CL4.08/AS1.13/BG4.14/CR1.12/HS11.5 Mountain climates: processes, change and related impacts (co-organized) |
Convener: Andreas Gobiet | Co-Conveners: Wolfgang Schöner , Douglas Maraun , Sven Kotlarski , Heimo Truhetz , Nick Pepin , Walter Immerzeel , Elisa Palazzi , Michael Stoelzle , Erin Gleeson |
Mountain climate shows high spatial variability due to complexities in terrain, steep (yet temporally variable) vertical gradients in climate elements, and inhomogeneities induced by transitions with elevation to the cryosphere and between vegetation zones. The resulting patterns of climate and climate change are often highly complex and very demanding in terms of monitoring, modeling, and analysis.

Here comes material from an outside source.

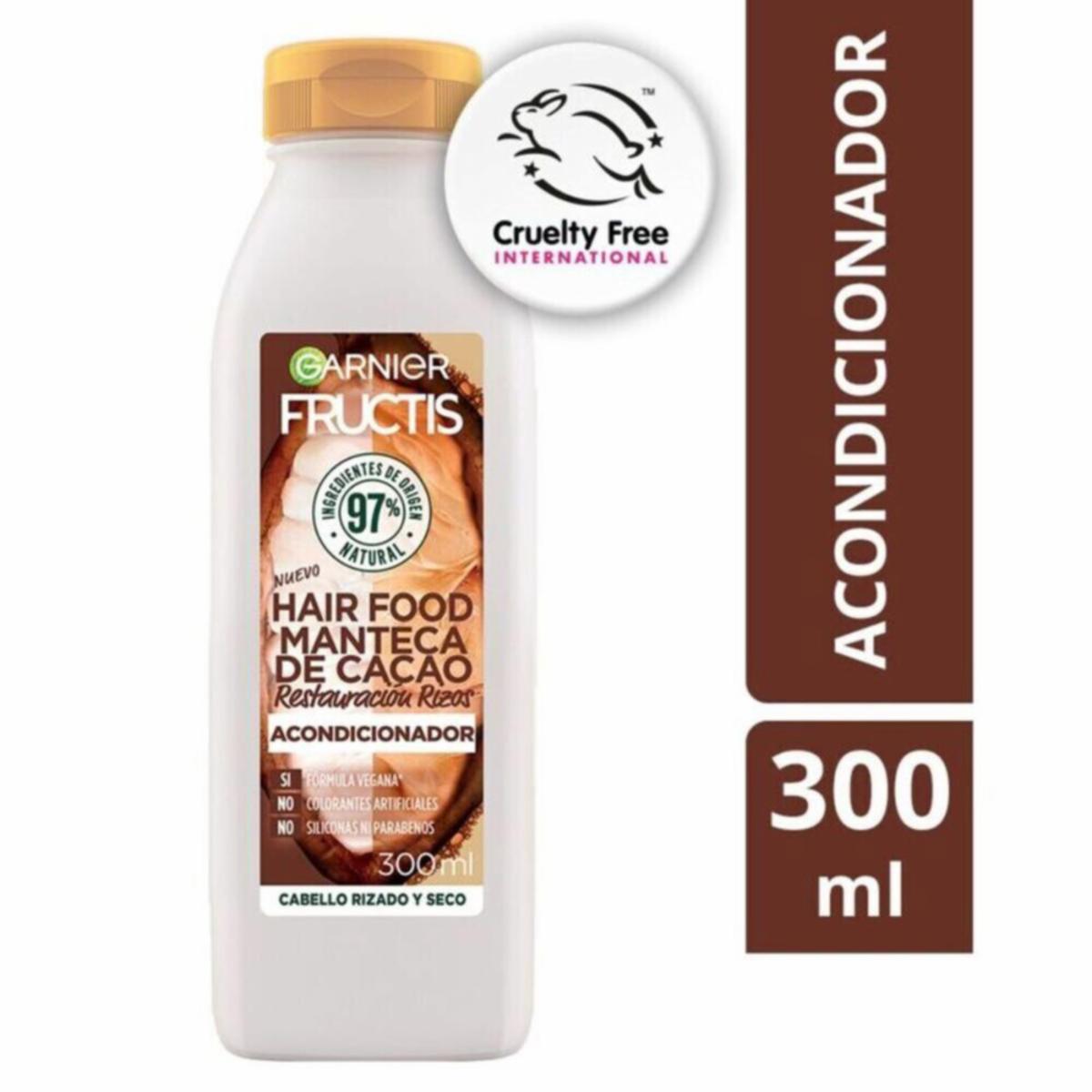 Acondicionador De Cabello Hair Food Manteca De Cacao Restauración Rizos GARNIER FRUCTIS 300 Ml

This session is devoted to a better understanding of climate processes and their modification induced by global environmental change in mountain and high elevation areas around the globe. We invite contributions that investigate climate processes and climate change in mountainous areas, based on monitoring (in situ and remotely-sensed observations) and/or modeling activities. Particularly welcome are contributions that merge various sources of information (modeling, monitoring) and reach across disciplinary borders (atmospheric, hydrological, cryospheric and ecological sciences) to cover new ground in the understanding of mountain climate and mountain climate change.
Further by invitation of the Mountain Research Initiative, presentations that focus on past and projected changes in high-elevation climate, including elevation-dependent effects (e.g. warming, precipitation change), their impacts on the water cycle (in particular from the changing cryosphere), and the social and ecological implications for downstream areas are welcome. Presentations about novel data sets, multidisciplinary data analysis and observational and modelling approaches focused on mountainous regions are especially welcome.